Places are characters, as with Rebus: http://www.undiscoveredscotland.co.uk/edinburgh/rebus/
I saw him being interviewed once; he was talking about a pub he used in his Rebus books, though for obvious reasons, he changed its name and the name of the landlord...


http://www.urbanghostsmedia.com/2013/04/the-10-greatest-fictional-cities-of-film-literature/
 
One thing I do like about setting stories in places I don't know well is that it's a lot of fun doing the research. So far the only times I've done that have all been for fanfic (my guilty pleasure:oops::D) and mostly people don't bother to do even the basics of research for that (things like figuring out how long it takes to fly or drive across a country, even though these facts are readily available, is just too much hassle :rolleyes:) but I'm a perfectionist - I don't by any means do a perfect job, but I do do my best, and actually I find it's very enjoyable. I now, for example, know several hiking trails, hotels, neighbourhoods and tourist attractions in Oahu. One of these days I might even get to go there and try them out :p but I have really enjoyed reading and watching videos and all that kind of stuff.

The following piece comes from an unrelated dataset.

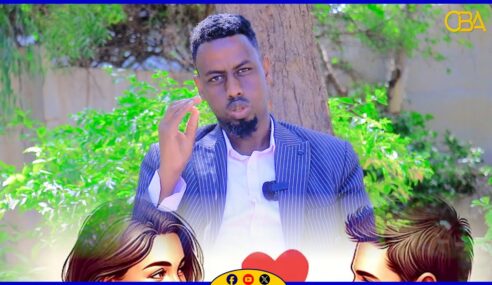 “Qacdii ay ishani kugu eegtay baan amakaagayoo, la iifuray albaab” :Abwaan Maxamuud Qaran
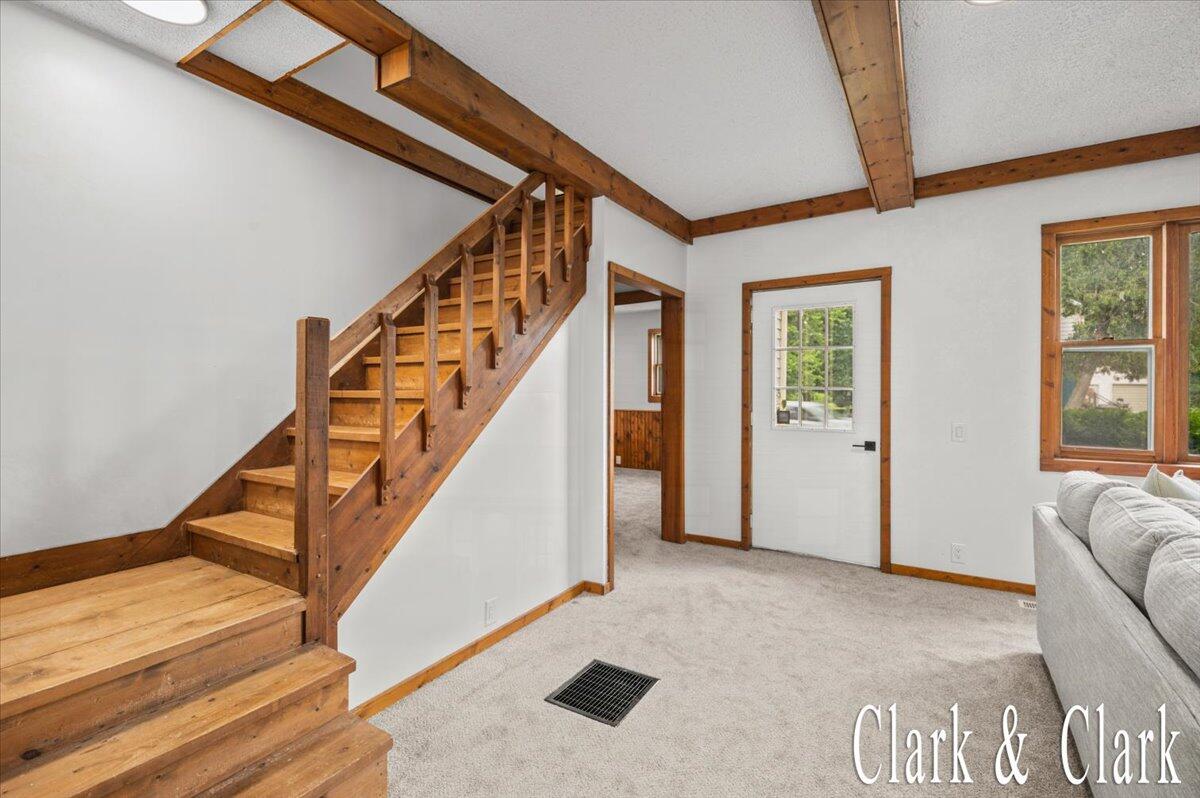 139 W Grand Ledge Highway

I think it helps, as a writer, if you just find the world in general an interesting kind of place. I guess there will always be a certain amount of grunt work and boring stuff for any kind of research, but I think it makes it a lot more enjoyable/less of a chore finding out facts and figures and random titbits of information about a place you've never been to or a person you've never met.

It will probably sound really odd, but because my fiction has usually either been set in places I knew (or slight variations on places I knew!), or else in entirely fictional towns in my own head, I probably do more actual research of this kind if I'm writing in an American fandom o_O:rolleyes: Being constrained to actual places where people can tell if I'm just fudging it, and when I've never actually been to any of the places the shows or books or whatever are set in, means I have to do more homework than if I'm writing original fiction set in a British town that's half made up anyway ;)
 
I make up locations for my series to be set in, but I use names of real places around where I've located it. Racy, Indiana is in Benton County, where miles and miles of wind turbines dot the landscape. In fact, those wind turbines are what inspired both that series and the town. The town is fictional, but I reference real roads and towns around it as my characters travel.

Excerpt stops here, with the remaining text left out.